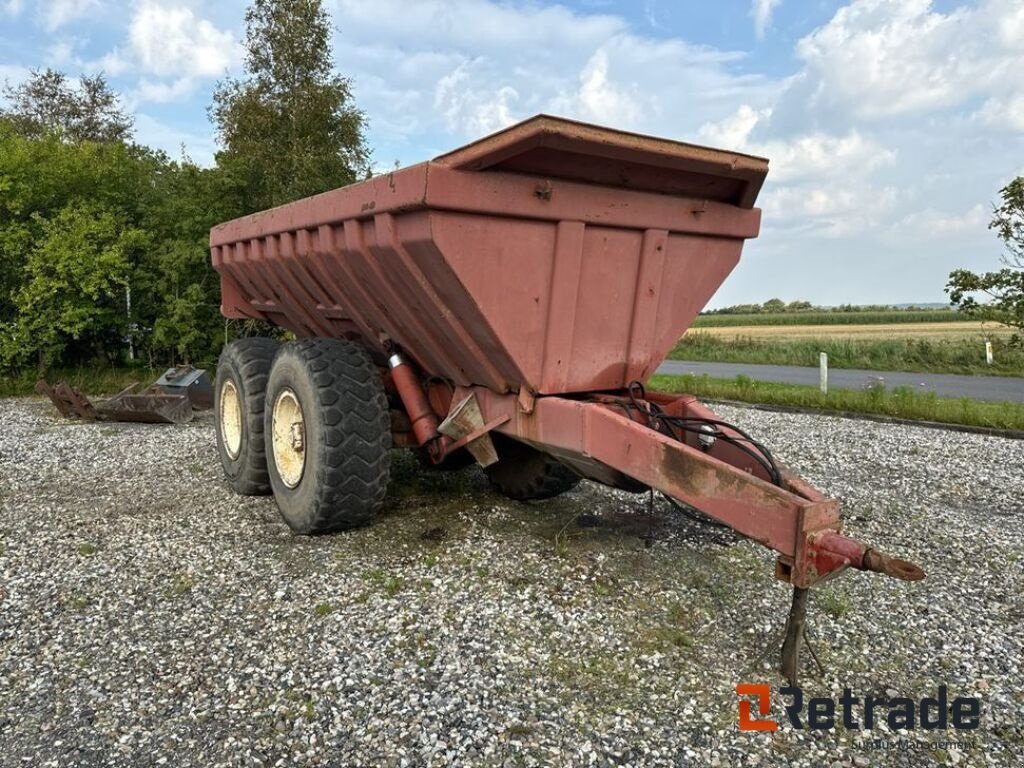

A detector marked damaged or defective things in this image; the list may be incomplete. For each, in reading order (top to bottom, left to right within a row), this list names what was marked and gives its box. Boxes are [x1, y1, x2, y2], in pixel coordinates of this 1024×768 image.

rusty metal surface [34, 380, 96, 421]
rusty metal surface [211, 118, 765, 403]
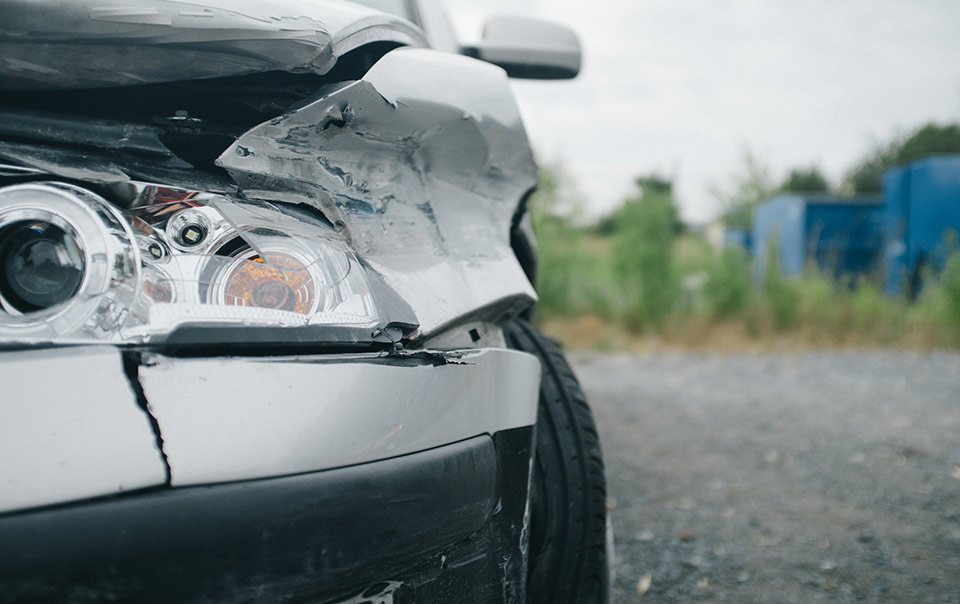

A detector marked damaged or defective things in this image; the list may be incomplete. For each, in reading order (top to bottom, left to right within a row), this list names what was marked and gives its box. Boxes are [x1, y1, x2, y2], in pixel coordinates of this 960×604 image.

torn metal panel [0, 0, 428, 90]
crumpled hood [0, 0, 428, 91]
broken headlight trim [0, 182, 390, 346]
damaged car [0, 0, 612, 600]
torn metal panel [220, 48, 544, 336]
torn metal panel [0, 346, 168, 512]
torn metal panel [137, 346, 540, 484]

» Your instructions
Everything from the line with "this 960×604 image." through the last line of the material above should be echoed exactly, and nothing else.

» Task output
A detector marked damaged or defective things in this image; the list may be incomplete. For each, in reading order (top to bottom, left to right within a row), this list names what was marked and gives its box. Boxes are [x1, y1, x2, y2], in pixel coordinates of this 960×604 image.

torn metal panel [0, 0, 428, 90]
crumpled hood [0, 0, 428, 91]
broken headlight trim [0, 182, 390, 346]
damaged car [0, 0, 612, 600]
torn metal panel [220, 48, 544, 336]
torn metal panel [0, 346, 168, 512]
torn metal panel [137, 346, 540, 484]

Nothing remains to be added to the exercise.